La Procura di Roma non ha intenzione di “mollare” e rimane convinta che il capitano del Noe Scafarto abbia agito per coinvolgere, tramite Tiziano Renzi, il figlio Matteo nell’indagine “Consip”. I pm sono infatti convinti che Scafarto, che martedì scorso era stato reintegrato in servizio, avrebbe provato a nascondere alcune prove agli inquirenti disinstallando whatsapp per evitare che potessero essere ricostruite le conversazioni ed individuati coloro che avevano violato il segreto d’ufficio.

Sempre per i pm romani l’ufficiale aveva cercato di incastrare Tiziano Renzi con una intercettazione taroccata, attribuendogli una frase in realtà mai pronunciata. Oltre a ciò, il militare aveva trasmesso le risultanze investigative di cui era in possesso al colonnello Sergio De Caprio, alias “capitano Ultimo”, suo ex comandante al Noe prima di essere trasferito all’Aise, il servizio segreto civile.

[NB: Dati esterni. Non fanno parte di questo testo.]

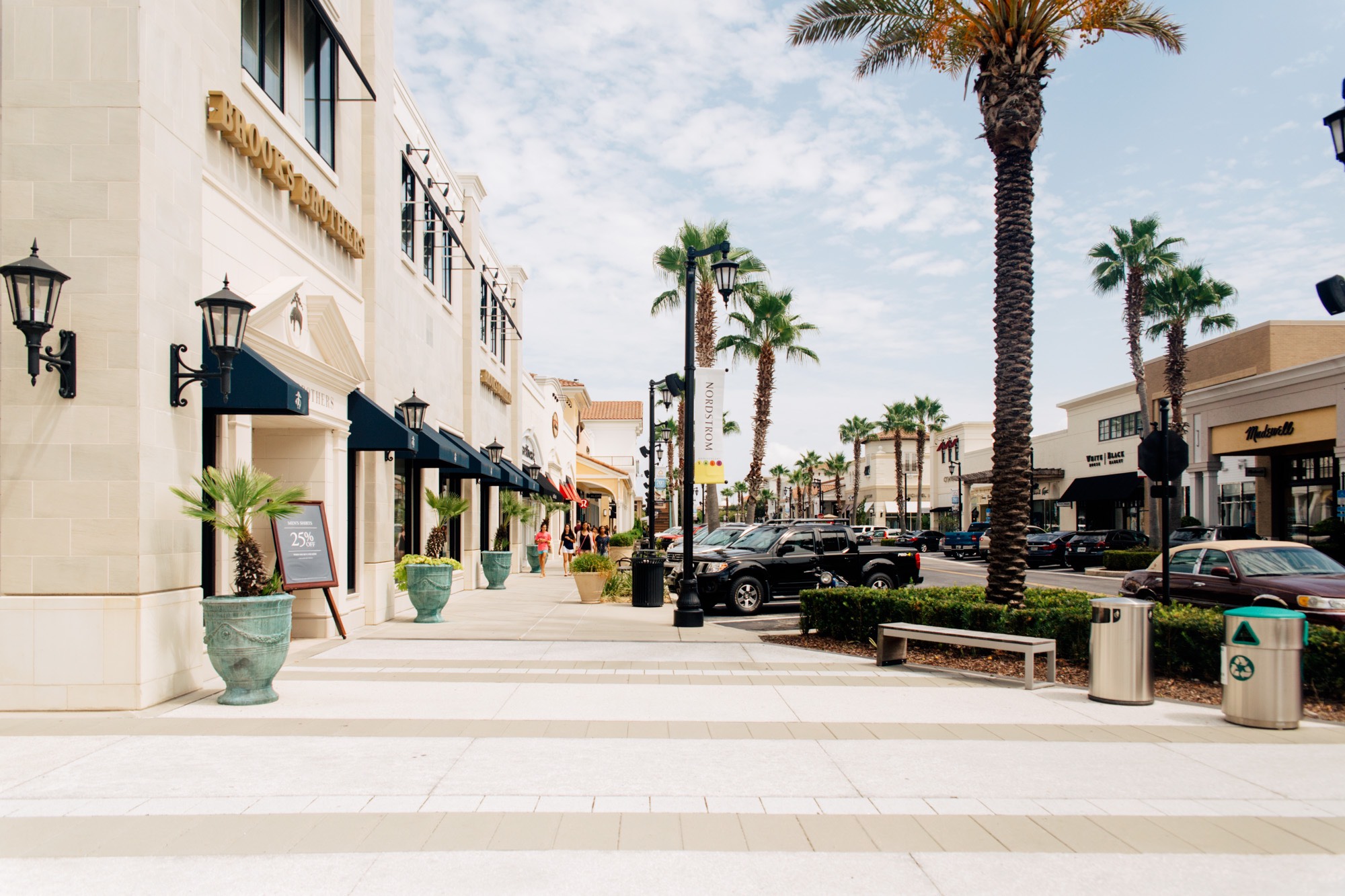 How to Eat Locally at the St. Johns Town Center in Jacksonville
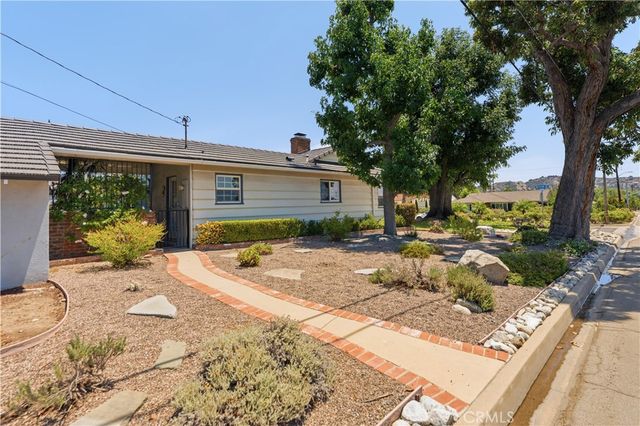 903 E Dalton, Glendora, CA 91741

Nessun complotto e nessun depistaggio. Giampaolo Scafarto commise solo «errori involontari». Il Tribunale del riesame di Roma, relatore il presidente Bruno Azzolini, ha dunque smontato in tredici pagine di provvedimento il teorema accusatorio della Procura di Roma.

Secondo il collegio, il quarantenne capitano del Noe, avrebbe agito senza dolo e senza secondi fini. L’aggiunto Paolo Ielo e il pm Mario Palazzi avevano indagato lo scorso anno Scafarto per depistaggio, falso e rivelazione del segreto, chiedendo ed ottenendo dal gip Gaspare Sturzo la sua sospensione dal servizio per un anno.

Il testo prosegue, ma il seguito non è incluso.